*** Data for this task ***
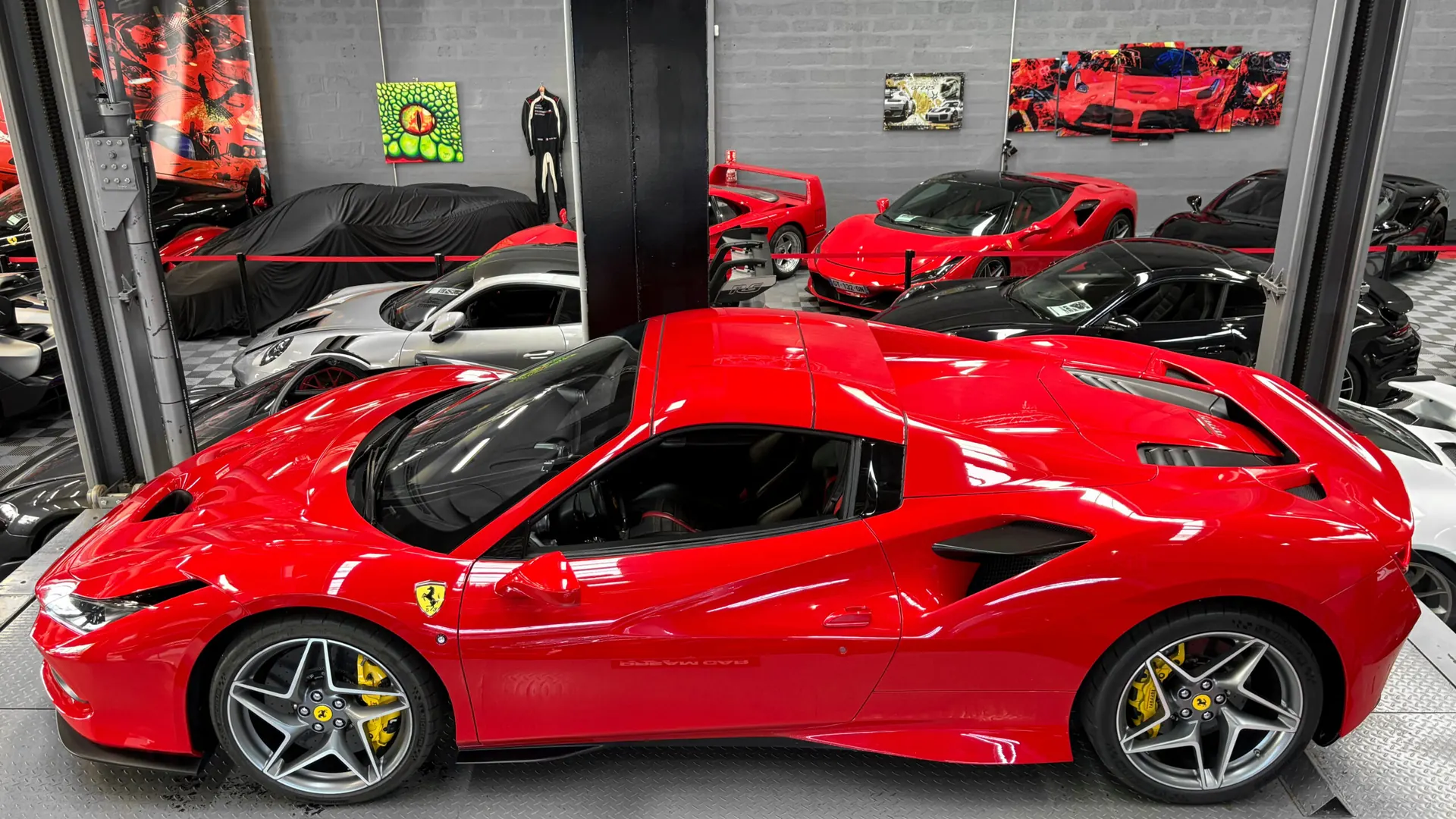 Ferrari F8 — photo 44
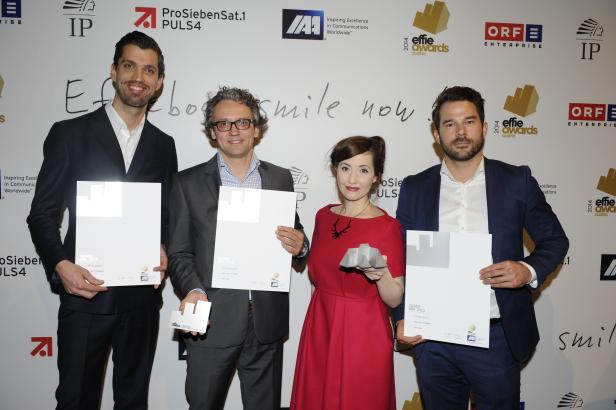 Vier Personen posieren mit Auszeichnungen bei den Effie Awards Austria 2014.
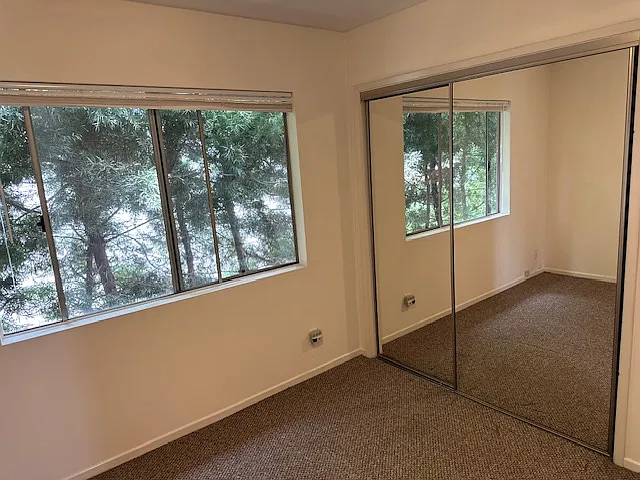3 bed, 1050 sqft, $5,050 — Photo 4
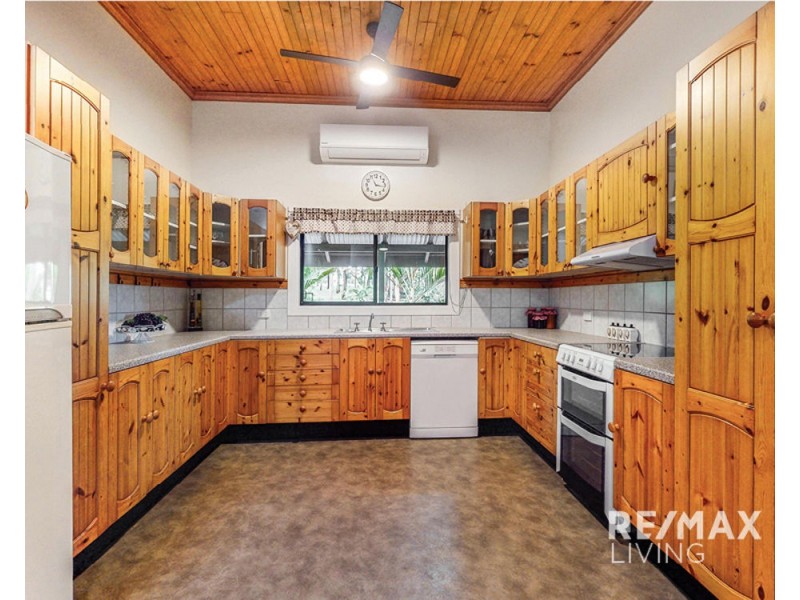 19 Brett Road, Blackbutt South QLD 4306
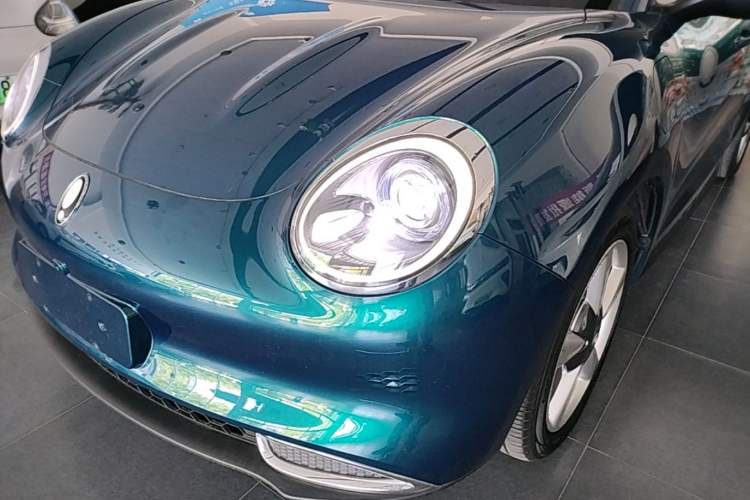 Used ORA Good Cat 2023 401 km Standard Range Comfort Version Lithium Iron Phosphate Left Front Headlight
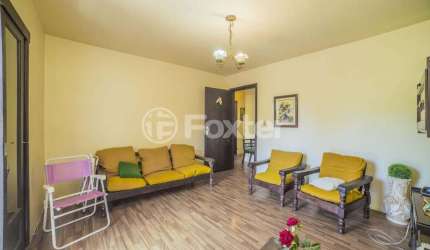Casa com 3 quartos à venda na Rua Doutor Mário Totta, 1553, Tristeza, Porto Alegre, 170 m2 por R$ 820.000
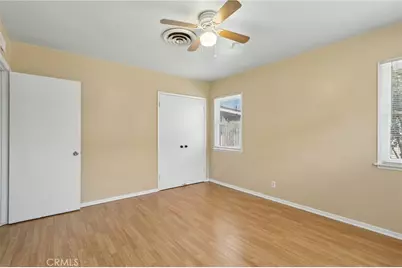 13155 Gault, Los Angeles, CA 91605 - Photo 16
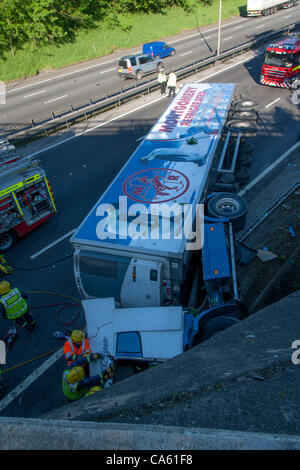 14. Juni 2012. Autobahn M1 Southbound, Northamptonshire, UK. Ein LKW liegt auf der Seite nach einem Sturz kurz vor der Kreuzung 15A auf der southbound Fahrbahn der Autobahn M1. Der Fahrer versteht man in einem kritischen Zustand. Stockfoto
*** End of Data for this task ***
Your goal - Reproduce the entries above word for word. Pictures stay out.

Task result -
 Ferrari F8 — photo 44
 Vier Personen posieren mit Auszeichnungen bei den Effie Awards Austria 2014.
3 bed, 1050 sqft, $5,050 — Photo 4
 19 Brett Road, Blackbutt South QLD 4306
 Used ORA Good Cat 2023 401 km Standard Range Comfort Version Lithium Iron Phosphate Left Front Headlight
Casa com 3 quartos à venda na Rua Doutor Mário Totta, 1553, Tristeza, Porto Alegre, 170 m2 por R$ 820.000
 13155 Gault, Los Angeles, CA 91605 - Photo 16
 14. Juni 2012. Autobahn M1 Southbound, Northamptonshire, UK. Ein LKW liegt auf der Seite nach einem Sturz kurz vor der Kreuzung 15A auf der southbound Fahrbahn der Autobahn M1. Der Fahrer versteht man in einem kritischen Zustand. Stockfoto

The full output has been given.